Hydrogen electric aircraft start up nets £32m from UK Infrastructure Bank
Hydrogen-electric aircraft developer Zeroavia has secured the banking of the UK infrastructure bank in its latest fundraising round.
Aircraft developer Zeroavia has secured the backing of the UK infrastructure bank in its latest fundraising round, as it looks to build hydrogen-electric engines for low-carbon flying.
The firm, which has bases in London, Kemble and California, said it had raised a total of $116m (£91.9m) in Series C funding from a number of investors, including £32m from the UK’s state-owned infrastructure investment bank.
Zeroavia also secured backing from Airbus, Barclays Sustainable Impact Capital and the Saudi-backed NEOM Investment Fund.

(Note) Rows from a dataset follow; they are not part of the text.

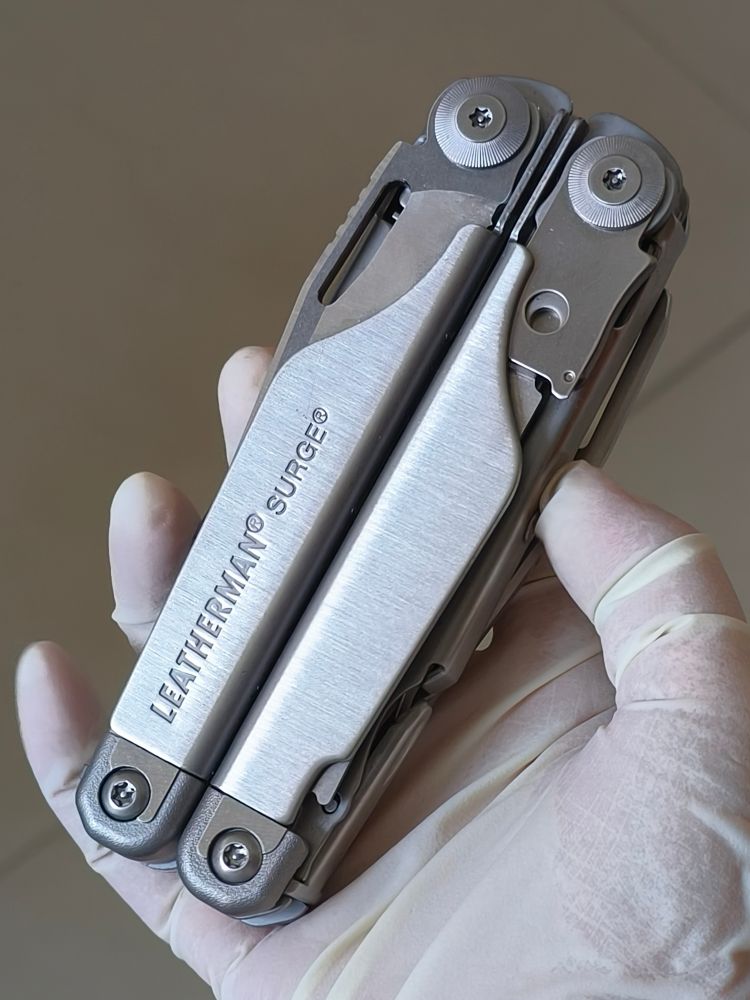 【已出】Leatherman Surge 莱泽曼海啸多功能组合工具钳 银色 599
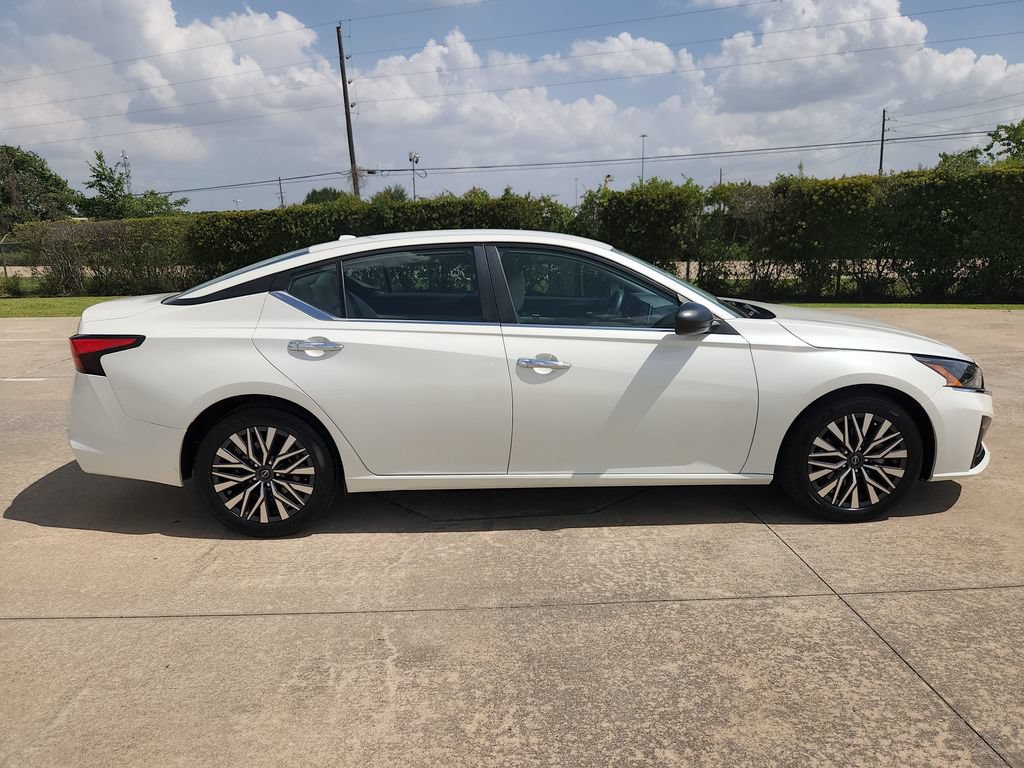 Used 2025 Nissan Altima 2.5 SV FWD image 4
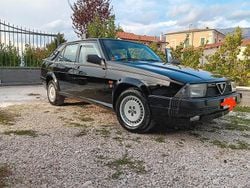 Nero Usata 1991 Alfa Romeo 75 Tre volumi | 18.500 €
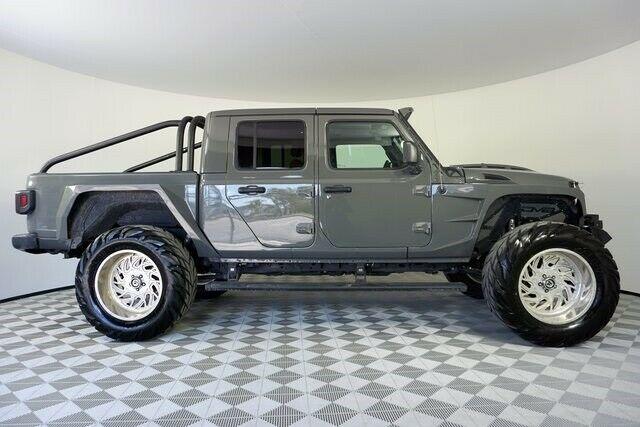 2020 Jeep Gladiator Sport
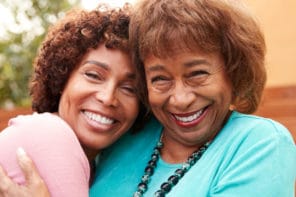 4 Ways to Get Family to Help With Aging Parents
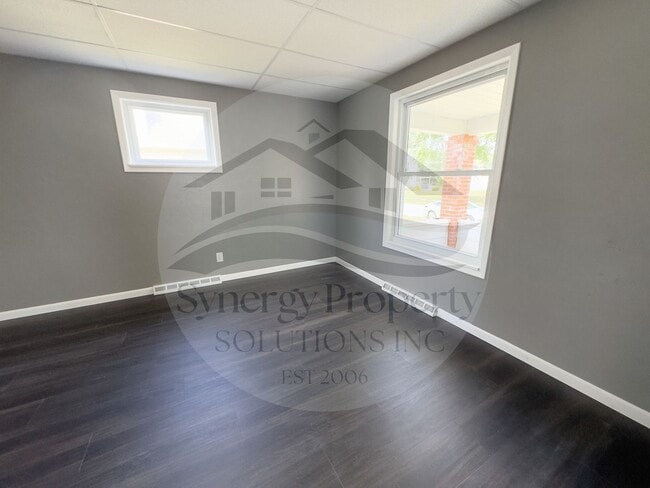 Building Photo - Crestline Home Available Now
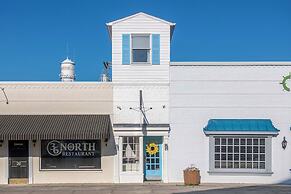 Stroll Into Town: Cozy Apartment in Kilmarnock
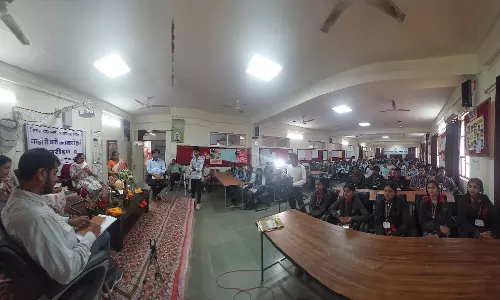 Pratapgarh: जिला कलेक्टर ने विद्यार्थियों से की वार्ता बच्चों ने कलेक्टर से लिए एग्जाम टिप्स Pratapgarh: जिला कलेक्टर ने विद्यार्थियों से की वार्ता बच्चों ने कलेक्टर से लिए एग्जाम टिप्स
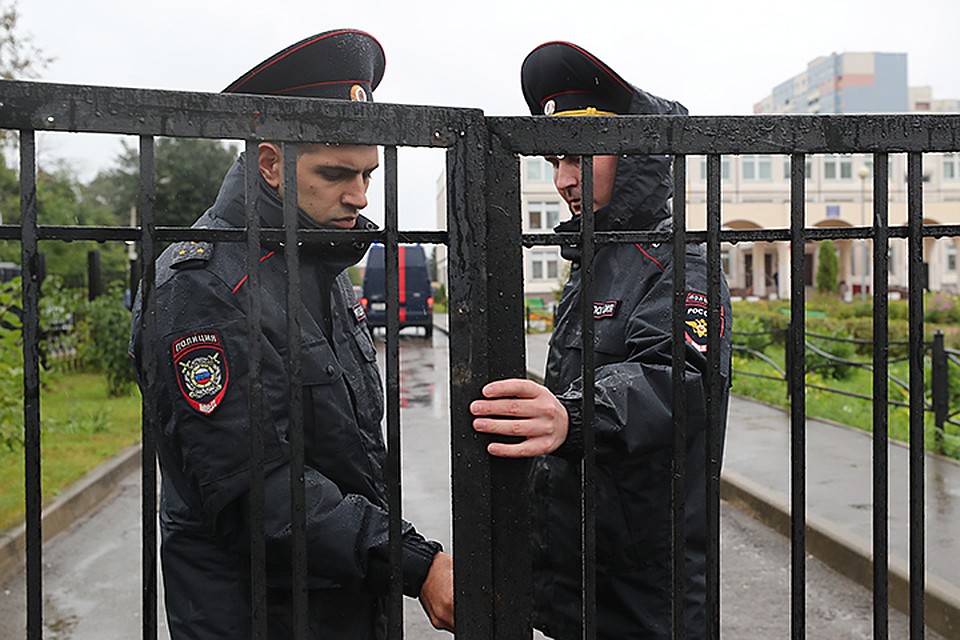Сигналы о минировании школ действительно были, туда стянуты все оперативные службы, но эвакуация пока идет не везде. Фото: Сергей Савостьянов/ТАСС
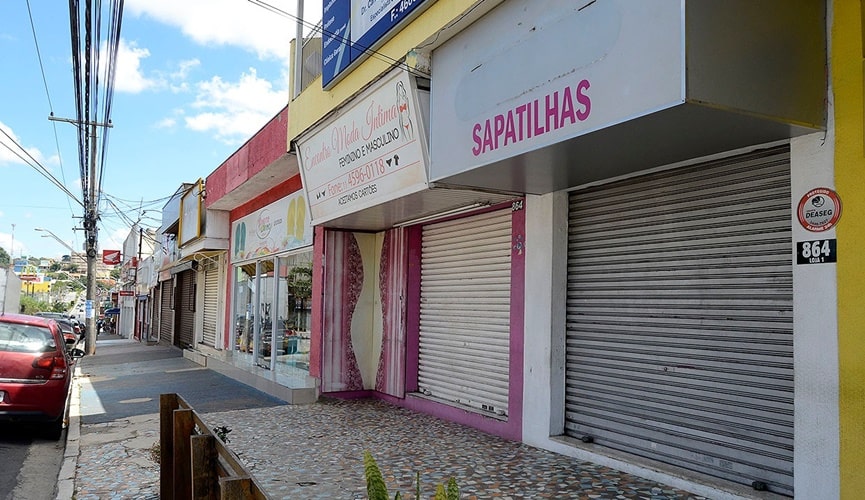 Foto do comércio de Várzea Paulista fechado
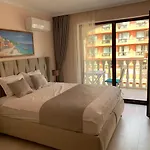 Valencia Gardens Deluxe Apartment *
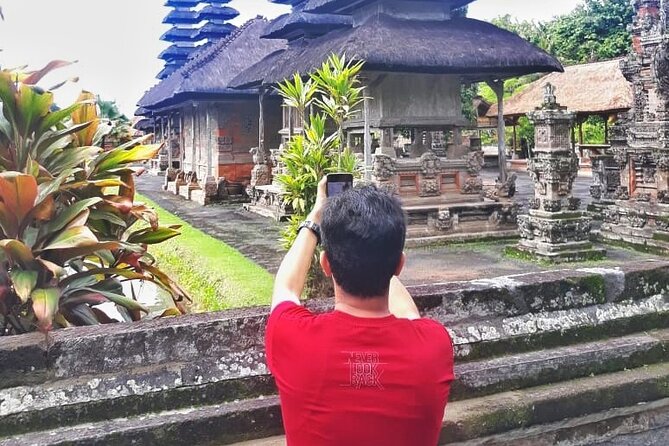 North Bali: Sekumpul Waterfalls and Ulun Danu Temple Tour - Ulun Danu Beratan: Temple Views That Really Work for Photos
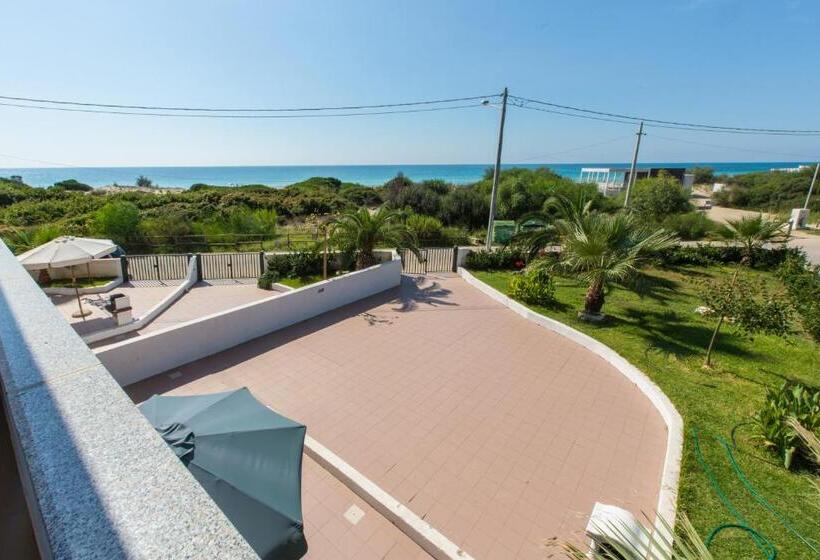 اتاق استاندارد با چشم‌انداز دریا, La Finestra Sul Mare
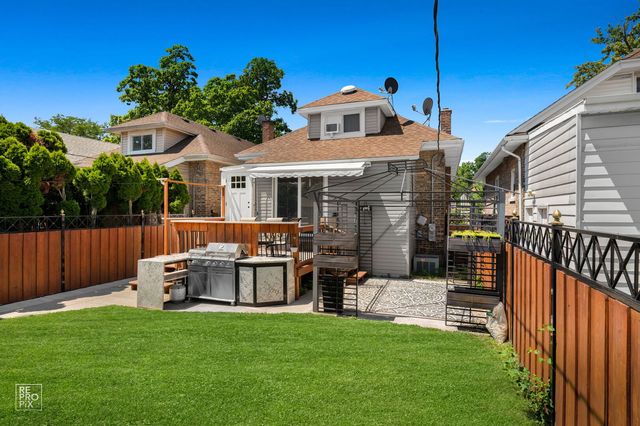 1327 Euclid Avenue, Berwyn, IL 60402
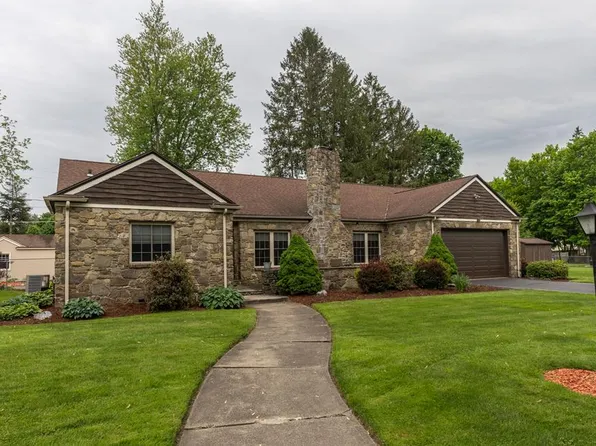 98 Curren Dr, Elmira, NY 14905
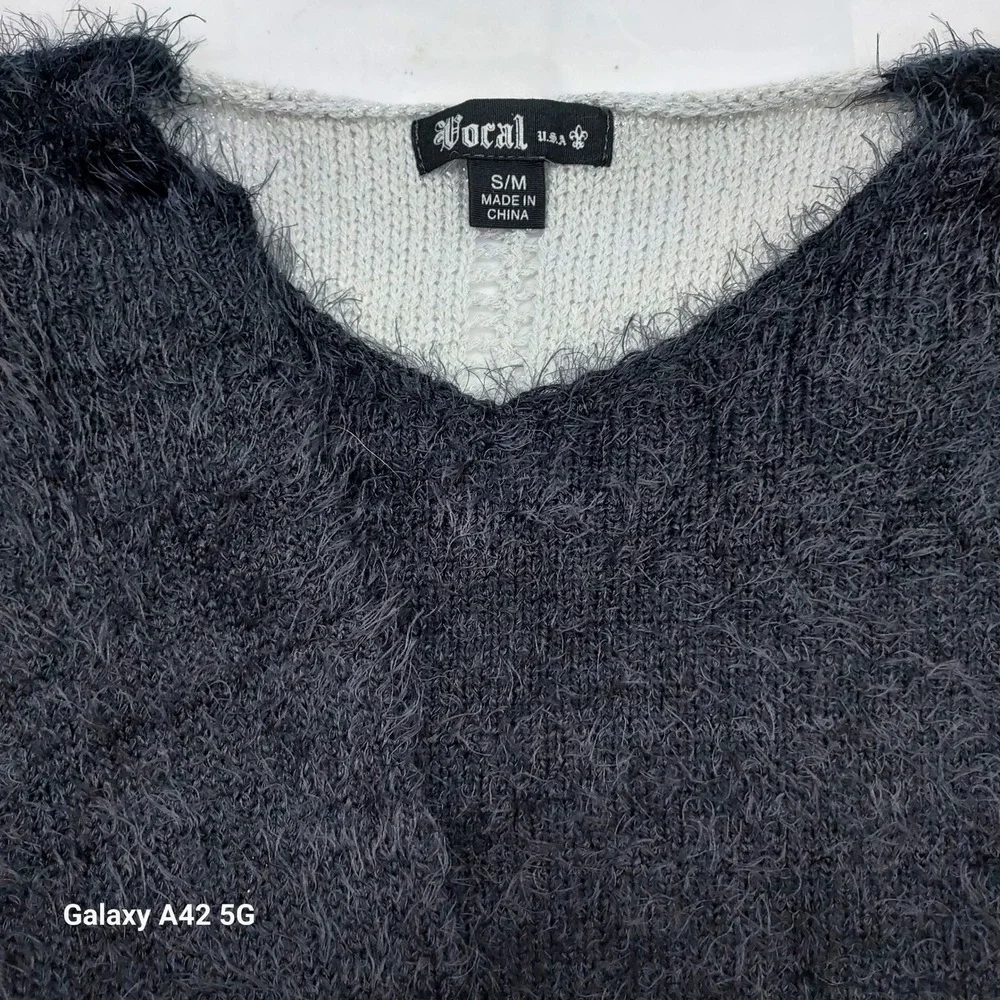 Vocal USA Womens Fuzzy Knit Sweater‎ V-Neck Sparkle Silver Gray Black S/M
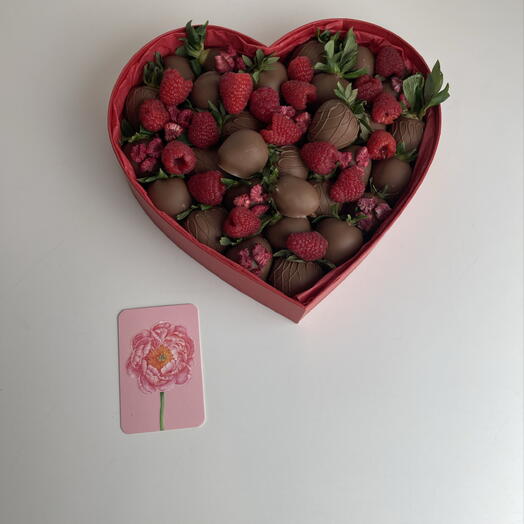 Corazón rojo de fresa cubierto de chocolate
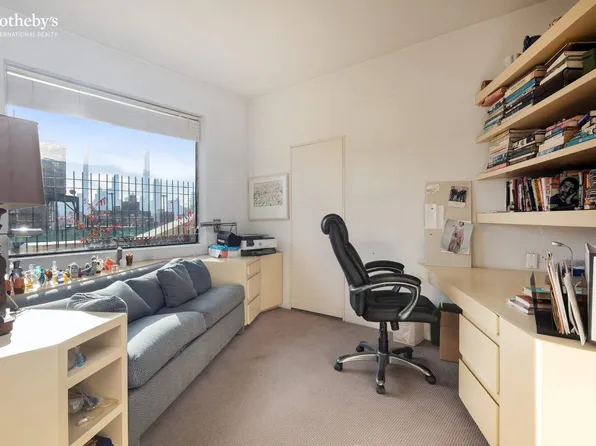 940 Park Avenue image 14 of 23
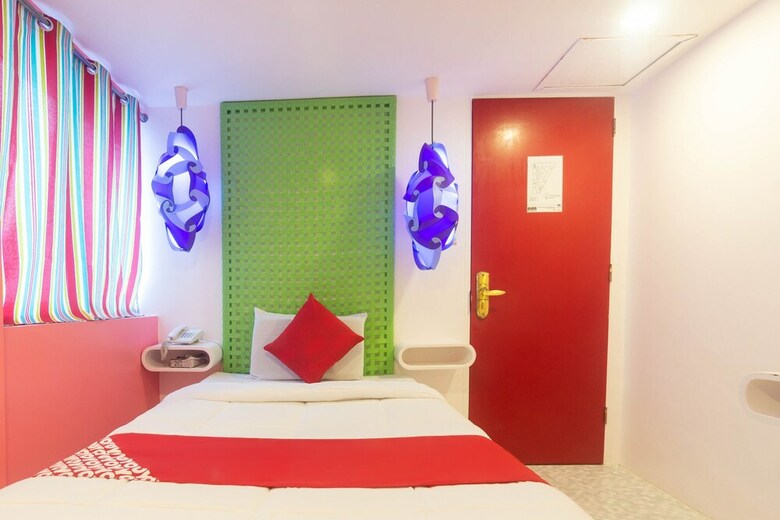 Hotel Oyo 155 Europa Breakfast And Bed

The financing will help the company produce hydrogen fuel cell engines, as aviation puts its backing behind the nascent technology in the race to deliver zero-emission flights. It has set a goal of developing a 19-seat aircraft, flying distances of up to 300 miles, for commercial flying in 2025.
Zeroavia has raised more than $250m (£198.3m) in equity investments since it was founded in 2017, by chief executive Valery Miftakhov.
Miftakhov said: “This backing by such a preeminent investor as the UK Infrastructure Bank will help us deliver the first commercial zero-emission flights, and help the UK realise substantial export potential. We are looking forward to working with UKIB over the next few years.”
Ian Brown, head of banking and investments at the UK Infrastructure Bank, said: “Aviation and hydrogen are sectors that need significant private investment to get to net zero.”
“By providing confidence to investors, our equity has helped to crowd in the private investment needed for the continued development of this cutting-edge technology and should help stimulate the development and deployment of hydrogen technology across other hard-to-decarbonise sectors.”
The government has set a target of decarbonising aviation by 2050, with clean propulsion technologies expected to start flying between UK airports by the end of this decade.
Hydrogen is among a host of technologies suggested to bring the sector’s emissions to near-zero emissions. Virgin Atlantic is set to make history this week with the first transatlantic flight using 100 per cent sustainable aviation fuel, a biofuel made from food waste such as cooking oil and plants.
Bill Gates’s investment firms Breakthrough Energy Ventures, Horizons Ventures, Alaska Airlines, Ecosystem Integrity Fund, Summa Equity, AP Ventures and Amazon Climate Pledge Fund also participated in the funding round.